Run simultaneous_ci()
We now run PosiR
using the original data (X_lasso,
y_lasso) and the universe Q_lasso containing the data-dependent Lasso
model.
intervals_lasso_comp <- result_lasso$intervals %>%
filter(model_id == "LassoSelected") %>% # Focus on the Lasso model
mutate(
naive_lower = estimate - qnorm(0.975) * se_nqj,
naive_upper = estimate + qnorm(0.975) * se_nqj
) %>%
select(coefficient_name, estimate, lower, upper, naive_lower, naive_upper) %>%
arrange(match(coefficient_name, c("(Intercept)", paste0("X", 1:p_lasso)))) # Order numerically
print(intervals_lasso_comp, digits = 3)
#> coefficient_name estimate lower upper naive_lower naive_upper
#> 1 (Intercept) 0.5416 0.20017 0.883 0.36796 0.7153
#> 2 X1 0.9414 0.57313 1.310 0.75409 1.1287
#> 3 X2 1.0042 0.67599 1.332 0.83728 1.1712
#> 4 X3 1.1591 0.80776 1.510 0.98038 1.3378
#> 5 X4 0.9961 0.67931 1.313 0.83498 1.1573
#> 6 X5 0.9351 0.53710 1.333 0.73264 1.1375
#> 7 X9 -0.1018 -0.39837 0.195 -0.25264 0.0491
#> 8 X13 0.1298 -0.22662 0.486 -0.05150 0.3111
#> 9 X18 0.3062 0.00275 0.610 0.15186 0.4606
#> 10 X22 -0.0728 -0.46496 0.319 -0.27228 0.1266
#> 11 X24 0.2759 -0.02264 0.574 0.12406 0.4278
#> 12 X26 0.1806 -0.19081 0.552 -0.00831 0.3695
#> 13 X29 -0.1496 -0.51978 0.221 -0.33786 0.0388
#> 14 X33 -0.1290 -0.45636 0.198 -0.29550 0.0375
#> 15 X36 -0.1254 -0.48194 0.231 -0.30676 0.0559
#> 16 X41 0.0999 -0.20232 0.402 -0.05381 0.2537
# Plot only coefficients from the Lasso-selected model
selected_plot <- result_lasso$intervals %>%
filter(model_id == "LassoSelected") %>%
pull(coefficient_name)
plot(result_lasso, subset_pars = selected_plot,
main = "Simultaneous CIs for Lasso-Selected Model", las.labels = 1)

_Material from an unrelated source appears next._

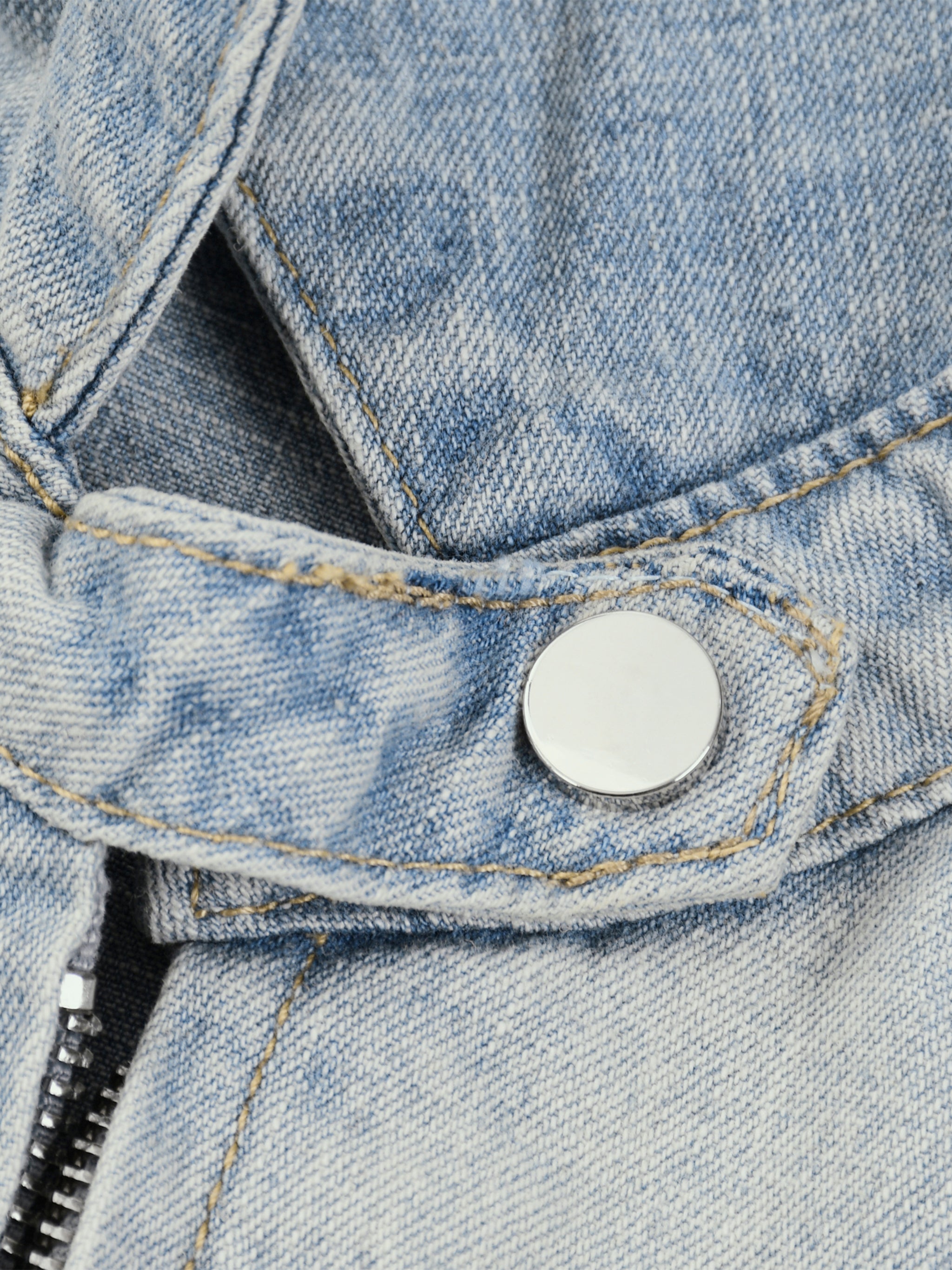 Strong Tower Vintage Wash Full-Zip Denim Trucker Jacket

#> Warning: Labels may be too long for the plot width on this device. Consider
#> subsetting, 'label.trim', reducing 'cex.labels'/'las.labels', or resizing plot
#> device.
Post-Selection Validity: The simultaneous confidence intervals (lower, upper) provide statistically valid 95% coverage after selecting the model using Lasso. They account for the uncertainty introduced by the data-driven variable selection step.
Protection Against False Discoveries: For the true predictors (X1-X5), both interval types correctly identify them as significant. However, for several noise predictors incorrectly selected by Lasso (X18, X24), the naive intervals misleadingly suggest statistical significance (they exclude the true value of 0). The simultaneous intervals, being wider due to the \(\widehat{K}_{\alpha}\) adjustment, correctly contain 0 for these noise predictors, thus protecting against false positive conclusions.
Cost of Validity: This protection comes at the cost of wider intervals for all coefficients, reflecting the true uncertainty post-selection.
The PosiR
package provides a practical implementation of
the simultaneous inference framework from Kuchibhotla, Kolassa, and Kuffner (2022). By
using the simultaneous_ci()
function, researchers can
obtain valid confidence intervals for linear model coefficients even
when model selection has been performed, ensuring robust and reliable
statistical conclusions. Remember that the validity is with respect to
the specified universe of models \(𝒬\).